EXERCISE → When you return the data, keep every word exact and include none of the images.
----- GIVEN MATERIAL -----
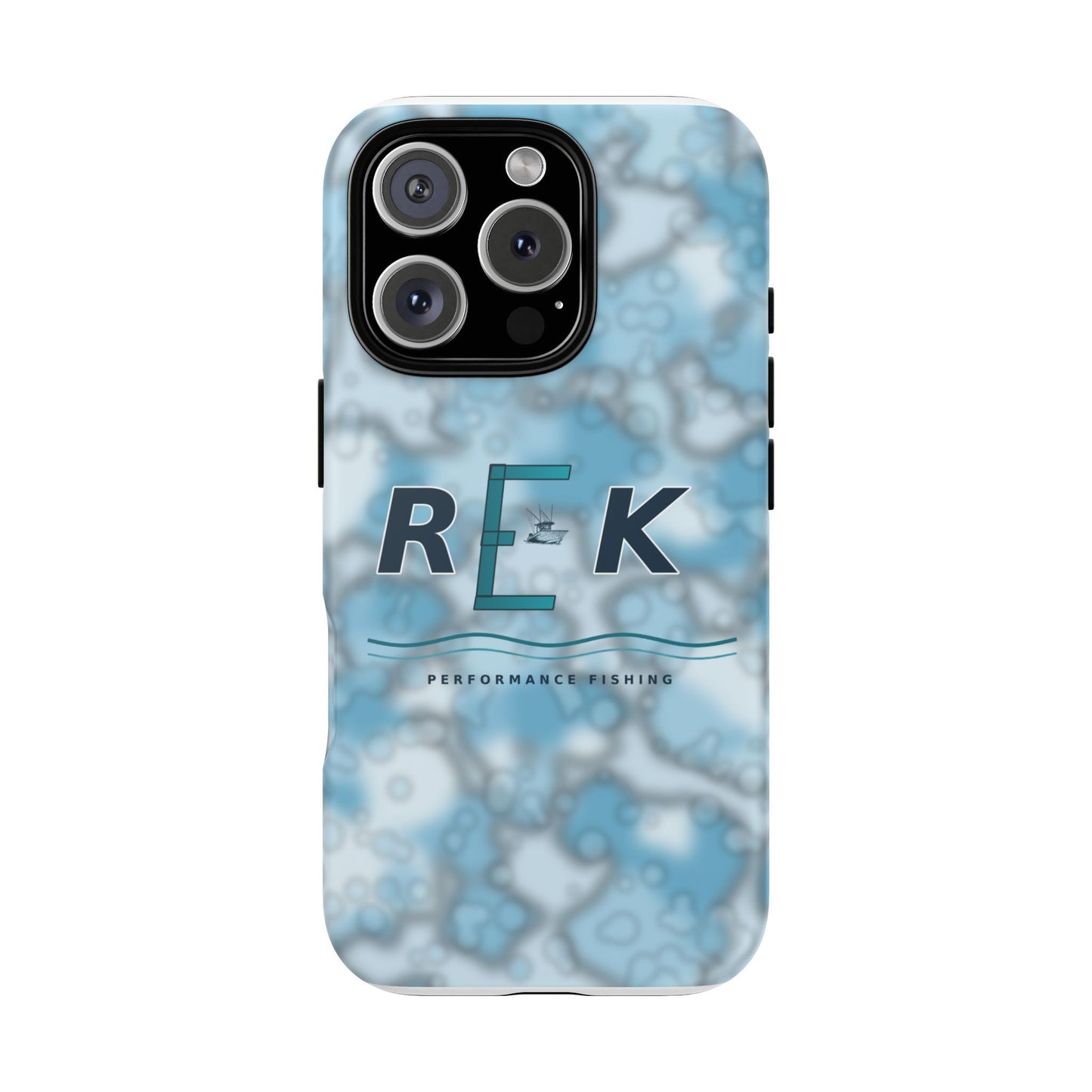 REK Blue Marble Camo Phone Case – Tough Protective iPhone & Samsung Cover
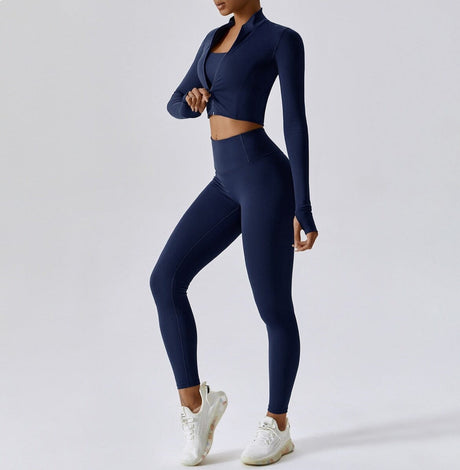 Sparkiah Power Scrunch Trio - Leggings + Top + Jacket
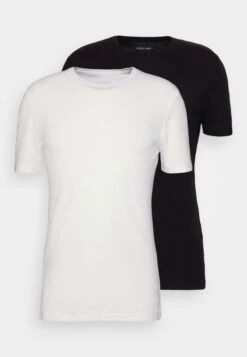 Pier OneSLIM FIT RIBBED T-SHIRT 2 PACK - T-shirt - Bas - White/black 12 Pier OneSLIM FIT RIBBED T-SHIRT 2 PACK - T-shirt - Bas - White/black -Pier One Försäljning bfa677da41c14e1ebbe1df5382fc7cd3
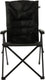 Travellife barletta camping vouwstoel cross black - rugleuning in 3 standen verstelbaar - water- en uv-bestendig - draagtas inbegrepen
-----
ANSWER SPACE →
 REK Blue Marble Camo Phone Case – Tough Protective iPhone & Samsung Cover
 Sparkiah Power Scrunch Trio - Leggings + Top + Jacket
 Pier OneSLIM FIT RIBBED T-SHIRT 2 PACK - T-shirt - Bas - White/black 12 Pier OneSLIM FIT RIBBED T-SHIRT 2 PACK - T-shirt - Bas - White/black -Pier One Försäljning bfa677da41c14e1ebbe1df5382fc7cd3
 Travellife barletta camping vouwstoel cross black - rugleuning in 3 standen verstelbaar - water- en uv-bestendig - draagtas inbegrepen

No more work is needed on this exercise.